Data:
========================================================================

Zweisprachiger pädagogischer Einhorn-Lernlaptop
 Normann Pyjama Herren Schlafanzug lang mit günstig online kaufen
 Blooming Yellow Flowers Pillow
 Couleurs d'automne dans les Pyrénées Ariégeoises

========================================================================

What you need to do: Print the material once more. Change nothing.

Answer for the task:
Zweisprachiger pädagogischer Einhorn-Lernlaptop
 Normann Pyjama Herren Schlafanzug lang mit günstig online kaufen
 Blooming Yellow Flowers Pillow
 Couleurs d'automne dans les Pyrénées Ariégeoises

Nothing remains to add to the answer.